▸ **Work instructions**
Lower down are entries containing pictures. Copy exactly, without those pictures, the lines from the line with "2 bed Apartment to rent Image 7" through the line with "Apartment 6 rooms".

▸ **Provided data**
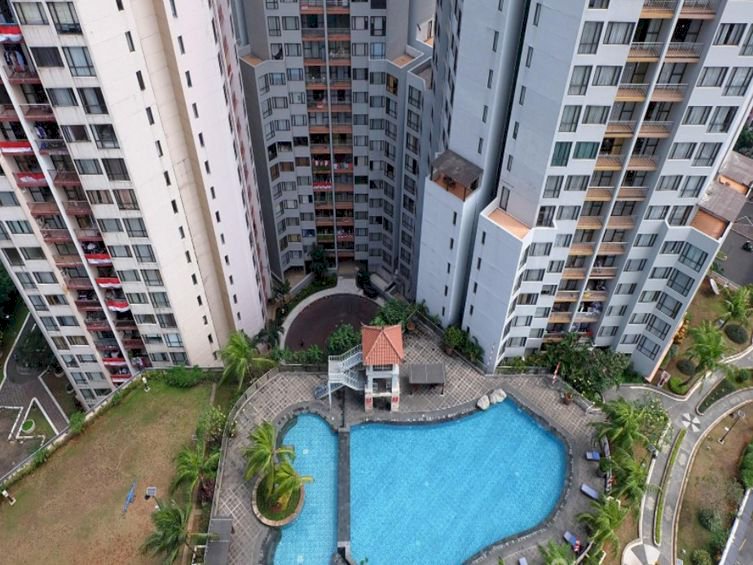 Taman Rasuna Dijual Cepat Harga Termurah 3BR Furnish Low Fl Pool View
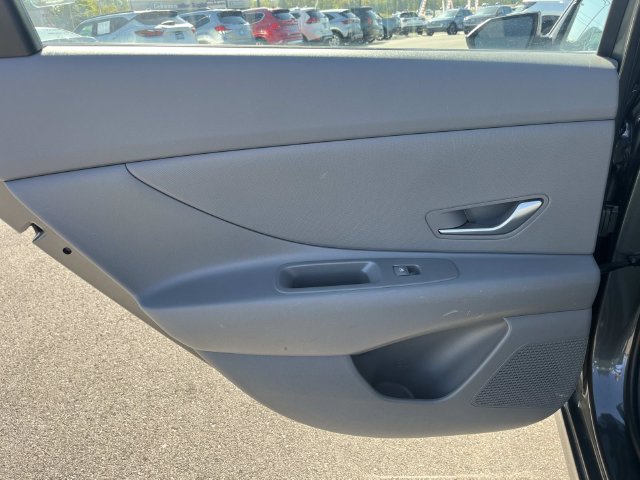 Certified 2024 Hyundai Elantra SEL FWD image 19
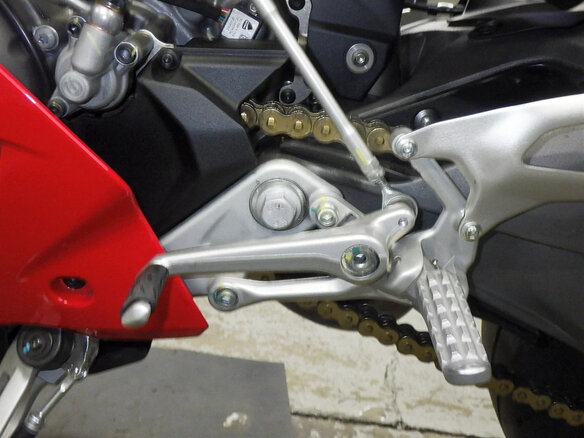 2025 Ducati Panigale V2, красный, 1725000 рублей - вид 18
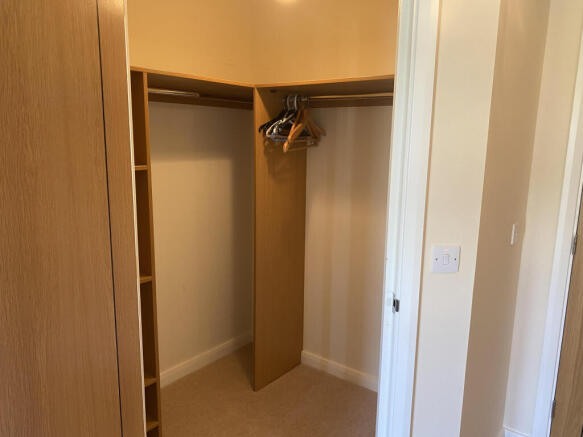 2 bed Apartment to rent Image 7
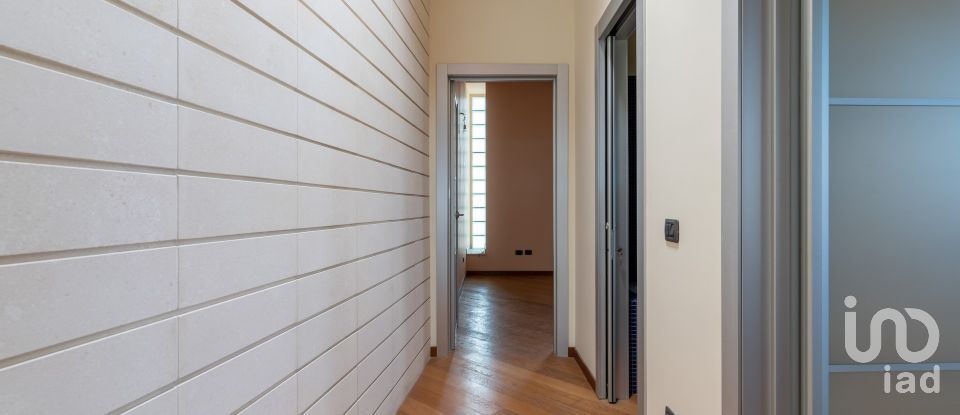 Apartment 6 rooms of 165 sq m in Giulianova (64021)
* * *
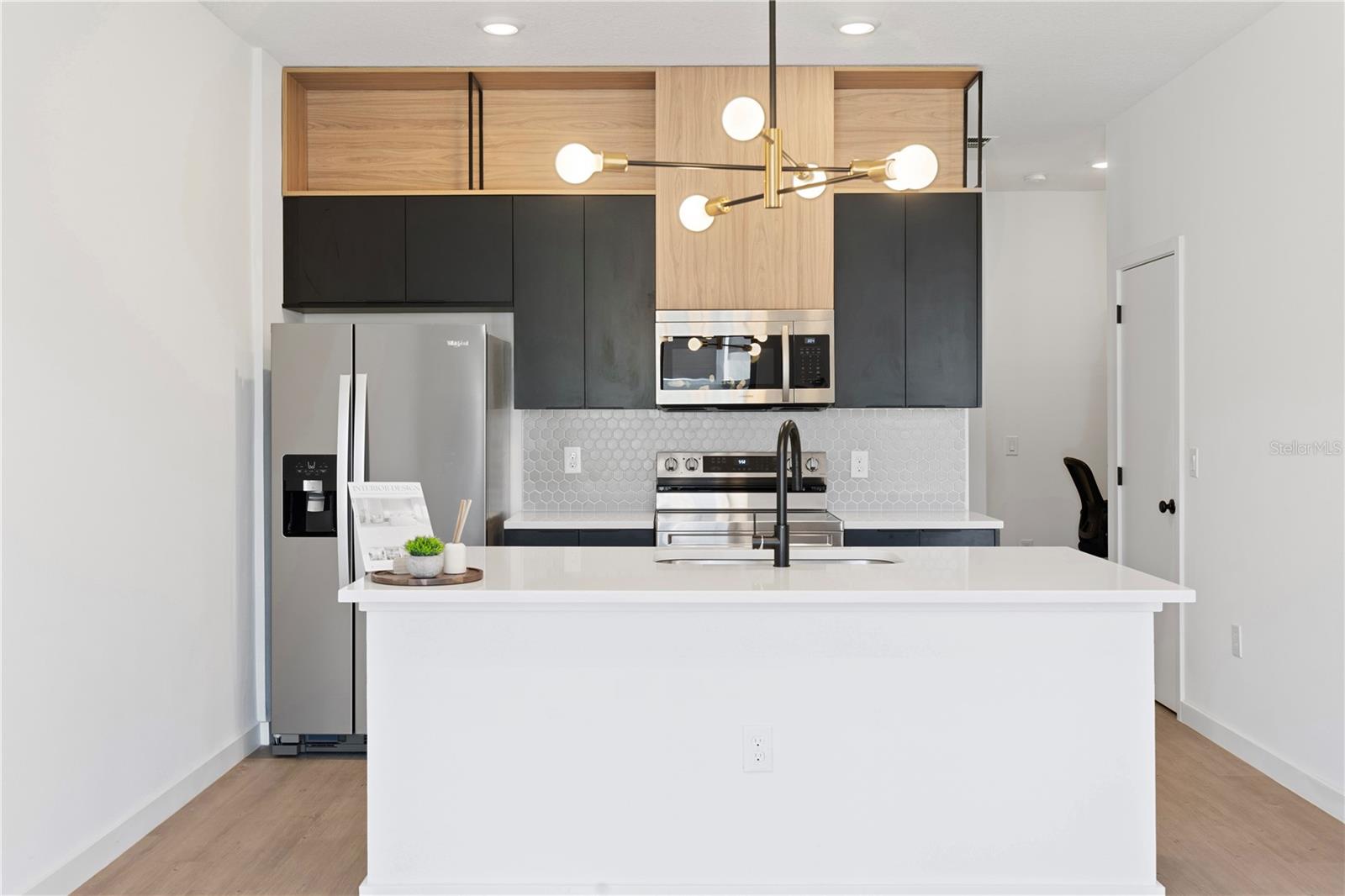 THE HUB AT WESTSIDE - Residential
--
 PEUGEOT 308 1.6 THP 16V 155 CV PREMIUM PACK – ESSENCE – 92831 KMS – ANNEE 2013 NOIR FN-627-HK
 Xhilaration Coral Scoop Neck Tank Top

▸ **Written solution**
 2 bed Apartment to rent Image 7
 Apartment 6 rooms of 165 sq m in Giulianova (64021)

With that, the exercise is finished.